§ **Aim of the exercise**:
The output should contain the listing word for word and no pictures.

++++ Data block ++++

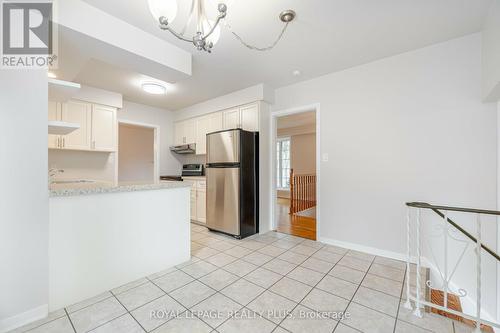 334 Oakwood Drive, Burlington, ON - Indoor Photo Showing Kitchen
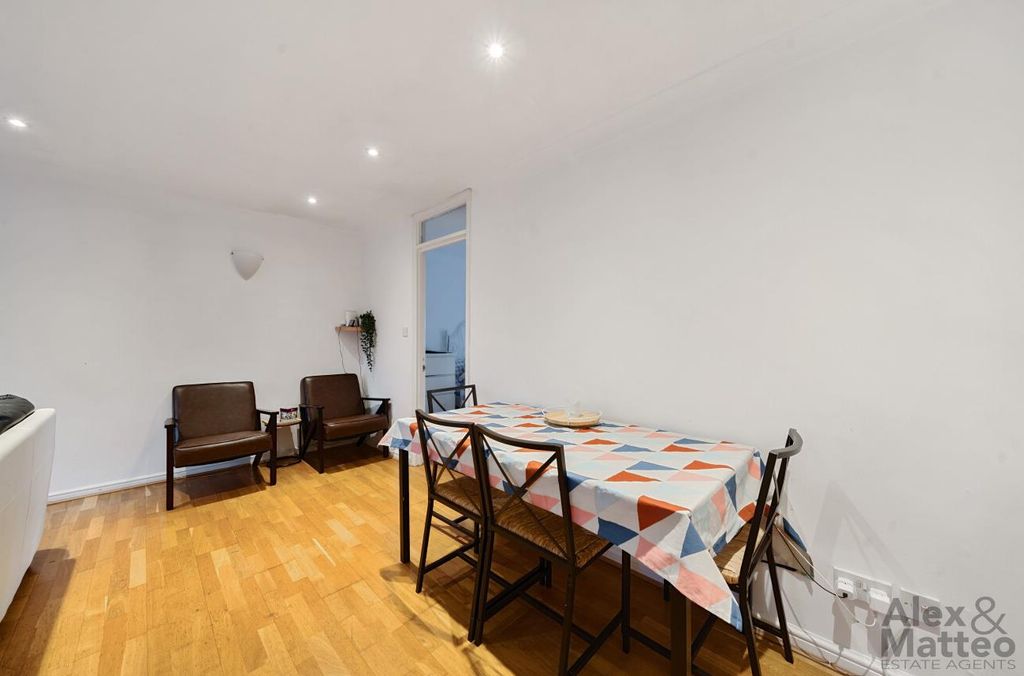 Property photo 3 of 9 12.Jpg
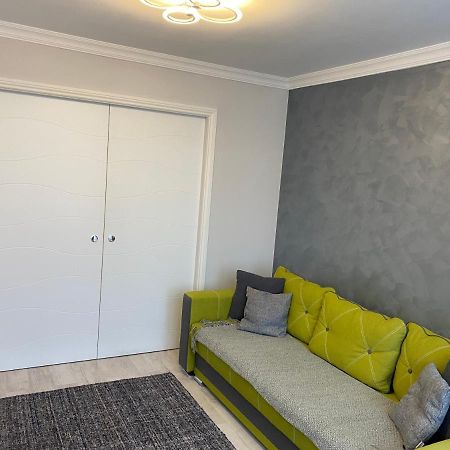 Gabi Apartament Suceava Extérieur photo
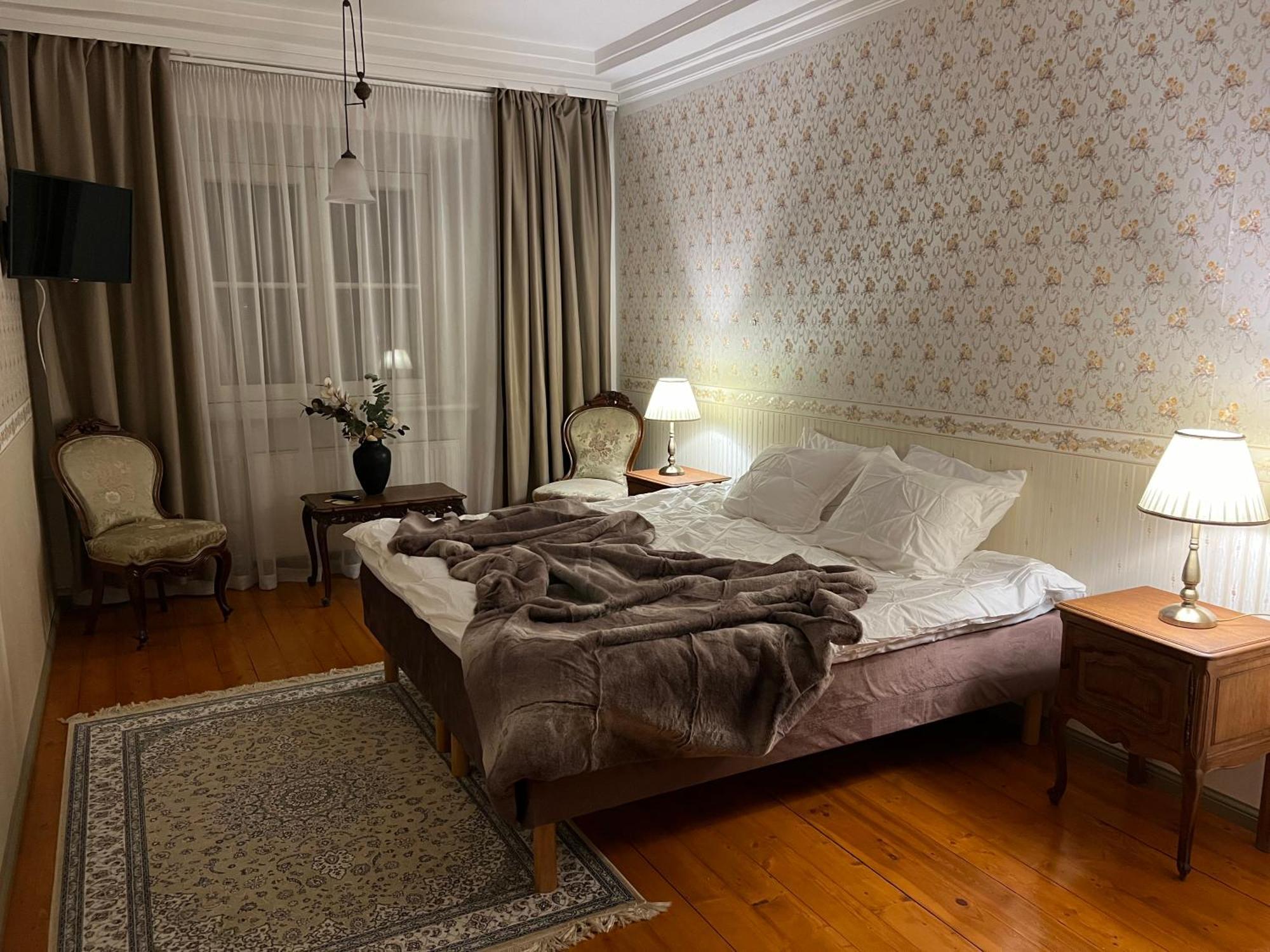 Hotel Saku Mois & Saku Manor Zewnętrze zdjęcie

++++

§ **Output of the exercise**:
 334 Oakwood Drive, Burlington, ON - Indoor Photo Showing Kitchen
 Property photo 3 of 9 12.Jpg
 Gabi Apartament Suceava Extérieur photo
 Hotel Saku Mois & Saku Manor Zewnętrze zdjęcie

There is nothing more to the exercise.